What you need to do
Write out all the data verbatim. Skip images.

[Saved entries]
== == ==
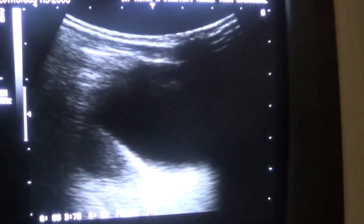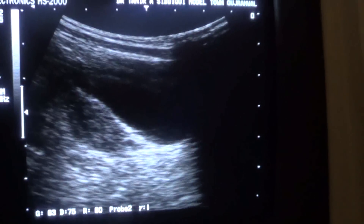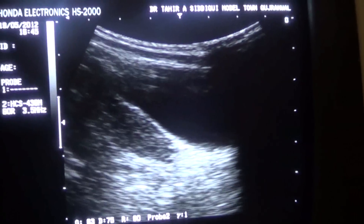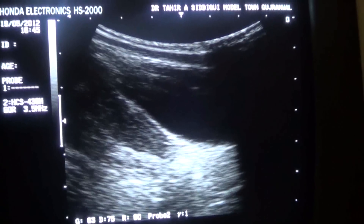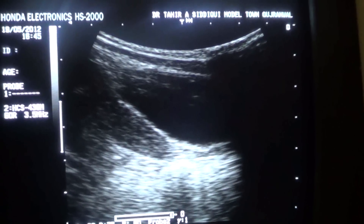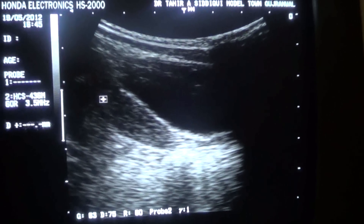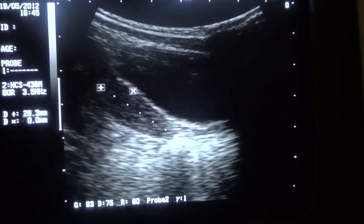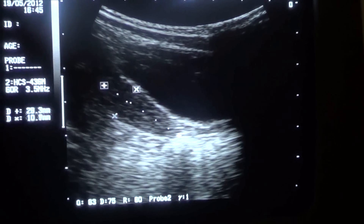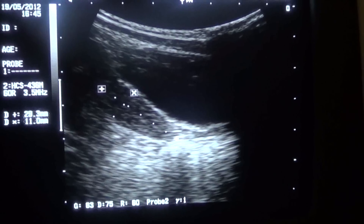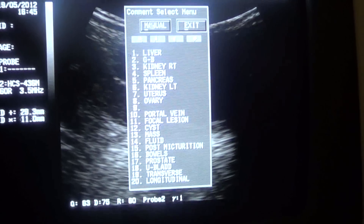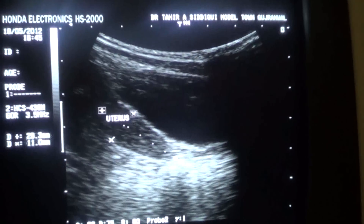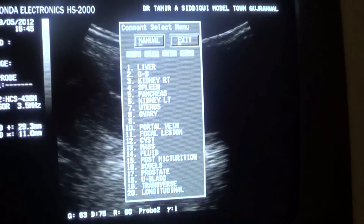Here you see the uterus of this eight-year-old girl in longitudinal section. The uterus measures 2.9 centimeters in length and 1.1 centimeters in the posterior diameter. This is a normal uterus of an eight-year-old girl.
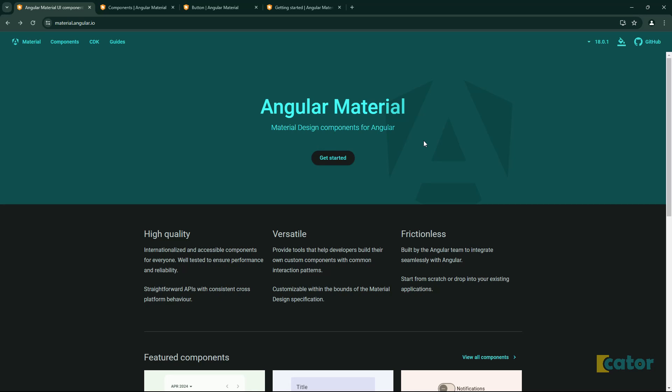Welcome back, everybody. Another video with your favorite Mr. Keita. In this video, we'll be going through Angular Material.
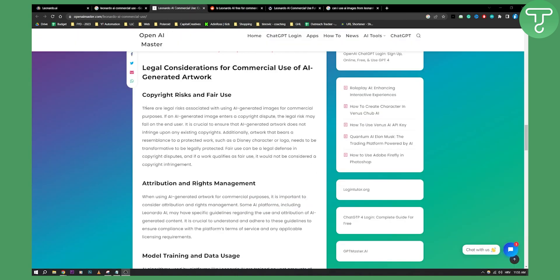There are legal risks associated with using AI-generated images for commercial purposes. If an AI-generated image enters a copyright dispute, the legal risk may fall on the end user. It is crucial to ensure that AI-generated artwork does not infringe upon any existing copyrights. Additionally, artwork that bears a resemblance to a protected work such as Disney character or logo needs to be transformative to be legally protected.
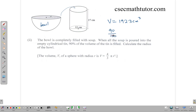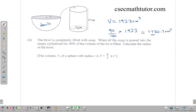We calculate 90 percent of 1923: (90/100) × 1923 = 1730.7. You can also multiply by 0.9 — either way you get 1730.7. This equals the volume of the bowl. Now, the volume of a sphere is (4/3)πr³, but we are dealing with a hemisphere, which is half of this, so we need to divide this formula by 2.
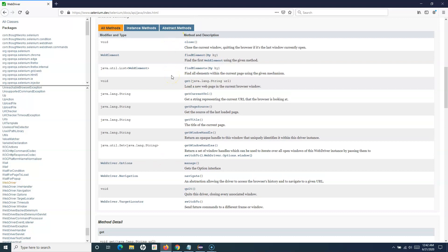If you haven't followed my previous tutorials, please go through and watch all the tutorials I have published in this Selenium WebDriver series. The tutorials are structured in a streamlined way so that following previous ones will help you understand the current one. Please go ahead and watch the previous ones, and if you haven't subscribed, please go ahead and subscribe and spread the word.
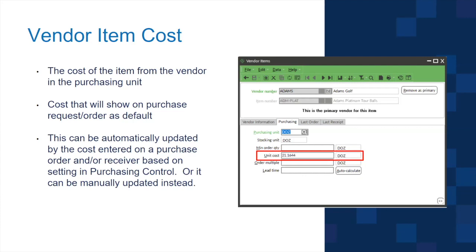The vendor item cost is a field you can manually change at any point — it's not a protected field. There's also a setting in Purchasing Control that allows the system to automatically update the vendor item cost based on either posting a purchase order, posting a receiver, or both.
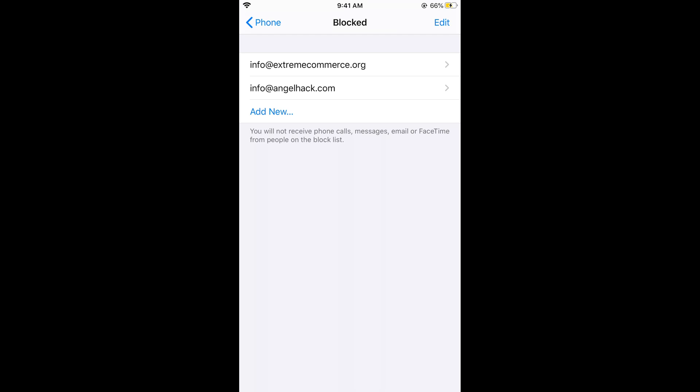In case if you have blocked an email through your Phone app, it would also be shown here as well as the blocked contact numbers that you have blocked.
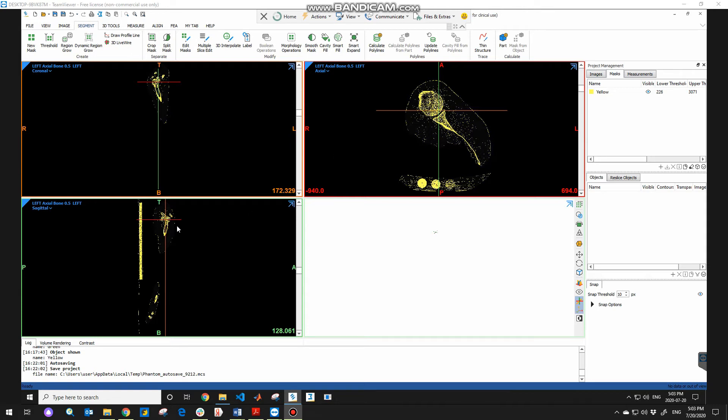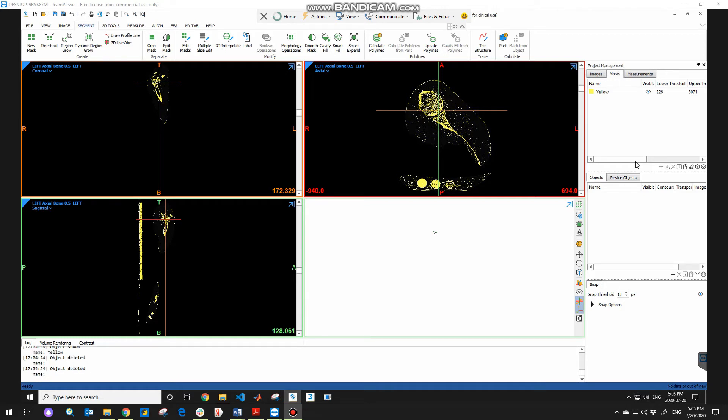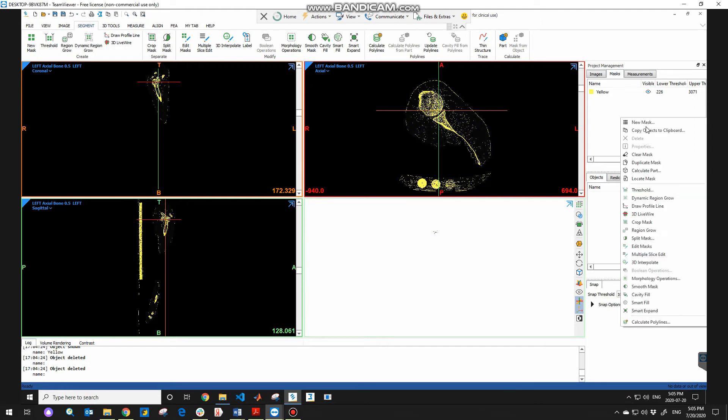The first thing you need to do is going to the mask section under the project management tab. Here, project manager tab and mask section to be able to mask. In this area, hit the right click and choose new mask to create new mask by defining upper and lower threshold ranges.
== == ==
Result of the task
Here you see the uterus of this eight-year-old girl in longitudinal section. The uterus measures 2.9 centimeters in length and 1.1 centimeters in the posterior diameter. This is a normal uterus of an eight-year-old girl.
Welcome back, everybody. Another video with your favorite Mr. Keita. In this video, we'll be going through Angular Material.
There are legal risks associated with using AI-generated images for commercial purposes. If an AI-generated image enters a copyright dispute, the legal risk may fall on the end user. It is crucial to ensure that AI-generated artwork does not infringe upon any existing copyrights. Additionally, artwork that bears a resemblance to a protected work such as Disney character or logo needs to be transformative to be legally protected.
We calculate 90 percent of 1923: (90/100) × 1923 = 1730.7. You can also multiply by 0.9 — either way you get 1730.7. This equals the volume of the bowl. Now, the volume of a sphere is (4/3)πr³, but we are dealing with a hemisphere, which is half of this, so we need to divide this formula by 2.
If you haven't followed my previous tutorials, please go through and watch all the tutorials I have published in this Selenium WebDriver series. The tutorials are structured in a streamlined way so that following previous ones will help you understand the current one. Please go ahead and watch the previous ones, and if you haven't subscribed, please go ahead and subscribe and spread the word.
The vendor item cost is a field you can manually change at any point — it's not a protected field. There's also a setting in Purchasing Control that allows the system to automatically update the vendor item cost based on either posting a purchase order, posting a receiver, or both.
In case if you have blocked an email through your Phone app, it would also be shown here as well as the blocked contact numbers that you have blocked.
The first thing you need to do is going to the mask section under the project management tab. Here, project manager tab and mask section to be able to mask. In this area, hit the right click and choose new mask to create new mask by defining upper and lower threshold ranges.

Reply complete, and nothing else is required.